En el retiro de Adviento de Confer y Acción Católica, tres mujeres nos ayudaron a profundizar en el corazón de la Madre de Jesús y en nuestro propio corazón. Con la intención de animarnos a vivir esta última semana del Adviento, comparto algunos pensamientos que ellas transmitieron.
María vivía en Nazaret, un pueblo pequeño de Galilea con mala fama, donde la vida no era fácil. El silencio habitaba su corazón desde que nació, porque la cultura de aquella tierra discriminaba a las mujeres desde el nacimiento: la llegada al mundo de un varón se celebraba con alegría y si nacía una niña sólo había silencio. En su juventud, el silencio de María no estaba hueco, sino poblado de esperanza. Como la gente creyente de su tiempo, esperaba la llegada del Mesías.

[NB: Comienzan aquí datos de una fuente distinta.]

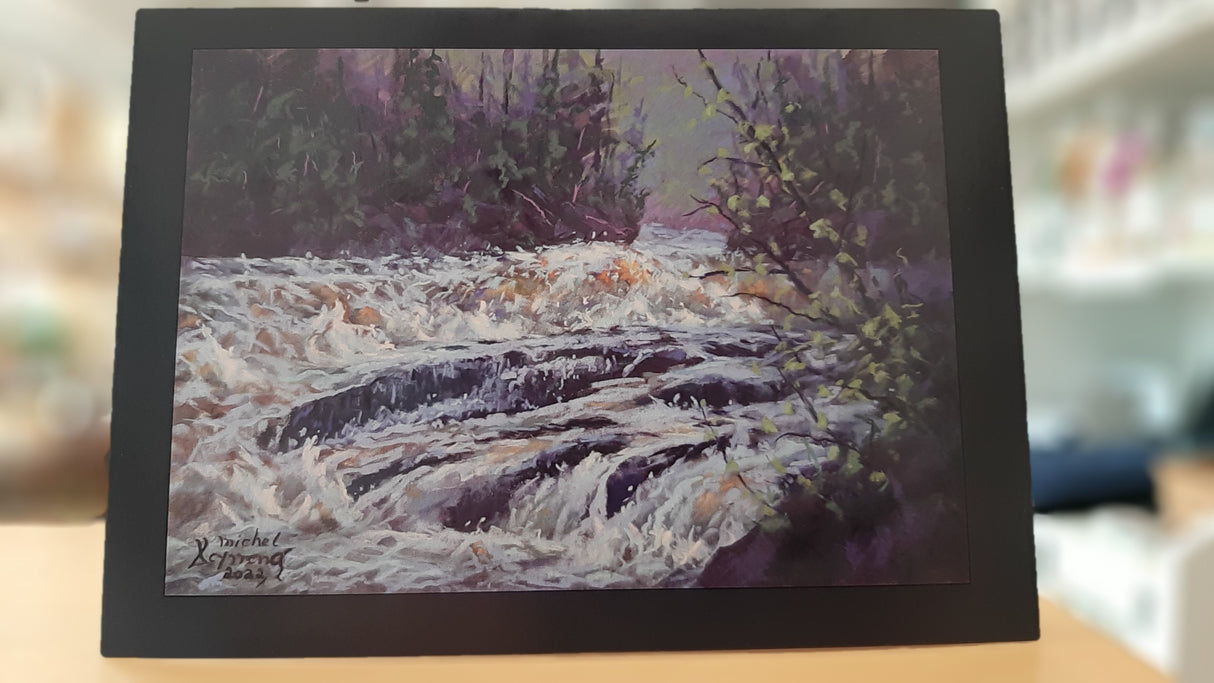 RAY0003 - Carte - Tout en fureur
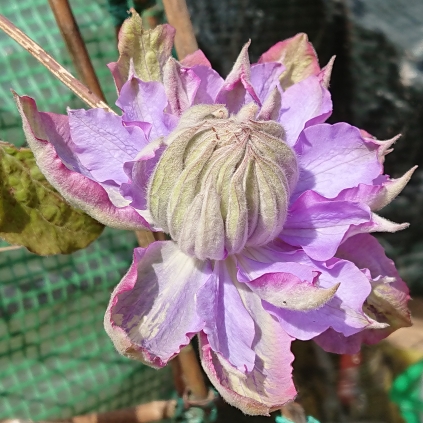 Plant image Clematis purpurea 'Plenas Elegans'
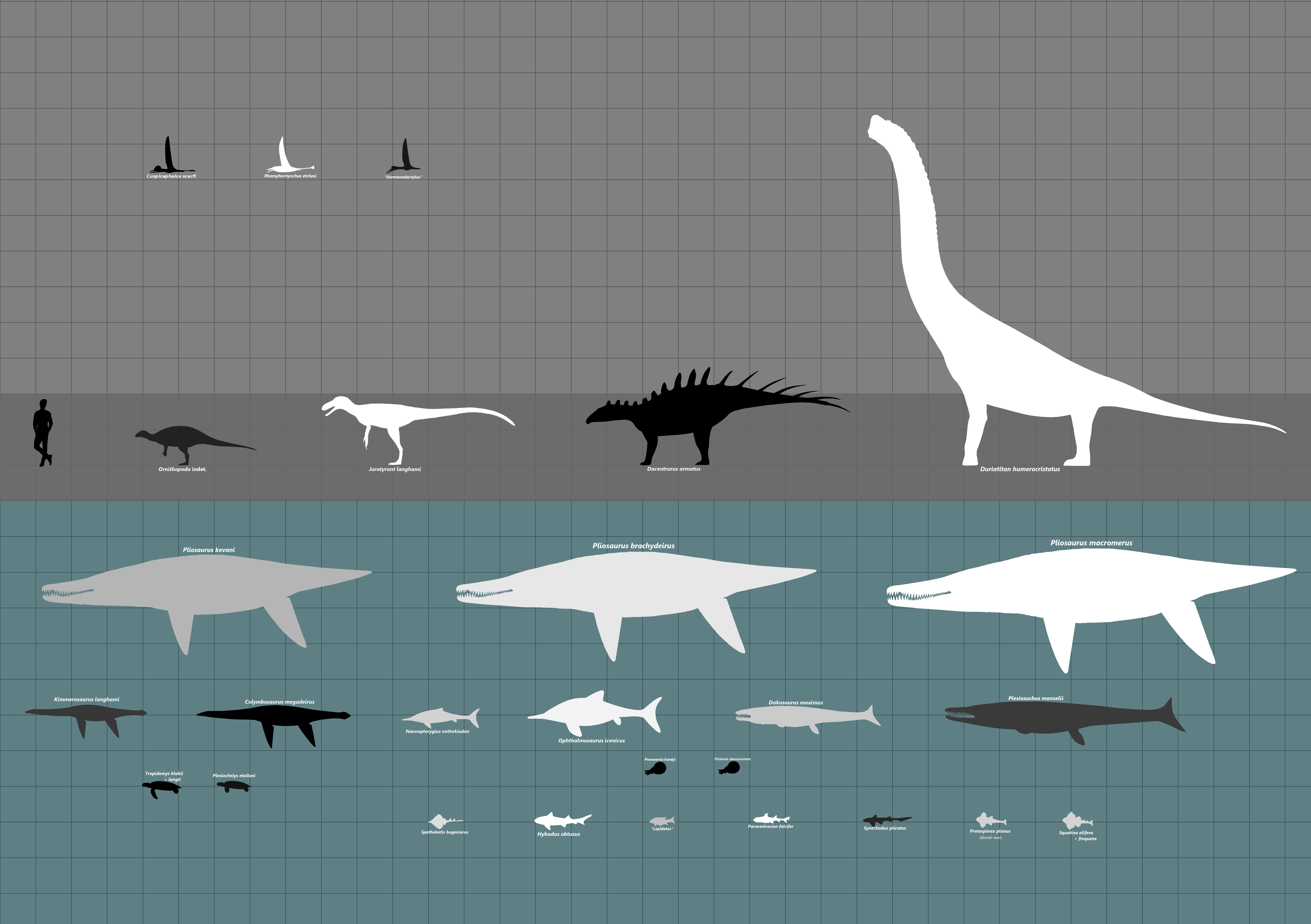 Jurassic Coast (Kimmeridge clay formation) 2.0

Aquel silencio hizo posible su encuentro con Dios, que anhelaba acercarse a la humanidad y había decidido tomar carne humana en las entrañas de una mujer. Cuando un mensajero de Dios le dijo que ella iba a ser la madre del Mesías, quedó sorprendida y desconcertada: ¿cómo podía ser aquello, si no había conocido varón? Pero no perdió la lucidez; el silencio hizo posible el diálogo y, con el diálogo, la disponibilidad, que le llevó a exclamar, consciente y confiada: «Hágase en mí según tu palabra».
El silencio abrió su corazón a la alabanza a Dios, que bendice a los pequeños y confunde a los poderosos, sacia a los que tienen hambre y despide vacíos a los que acaparan, y extiende su amor y misericordia de generación en generación. La alabanza no la alejó de sus vecinos y parientes, sino que potenció su mirada generosa, para descubrir el apuro de su prima Isabel, que esperaba un hijo en su vejez, o el bochorno de unos novios, que se estaban quedando sin vino el día de sus bodas, o las necesidades de tantos otros que cada día recurrimos a ella.
Al contemplar el corazón de María, nos podemos preguntar: ¿cultivamos el silencio o estamos atrapados por la cultura de la dis-persión y la dis-tracción?, ¿esperamos en el amor de Dios o confiamos más en otros dioses, como el poder, el dinero, la apariencia o la fama?, ¿intuimos la presencia alentadora de Dios, en lo más íntimo de nuestra alma y en tantas personas, cuyos nombres tenemos grabados en el corazón: quienes nos engendraron y educaron, nos enseñaron a rezar y a vivir, nos socorrieron o nos pidieron ayuda y compartieron con nosotros diversiones y trabajos, gozos y tristezas?, ¿nos encerramos o permanecemos abiertos a Dios y a nuestros prójimos?
Dios también te llama por tu nombre y confía en ti, como confió en María. Aunque no comprendamos algunas cosas, ábrele tu vida y dile como ella: «Hágase en mí según tu palabra». Verás cómo Dios, a través de ti, derrama su ternura y su paz en nuestro mundo.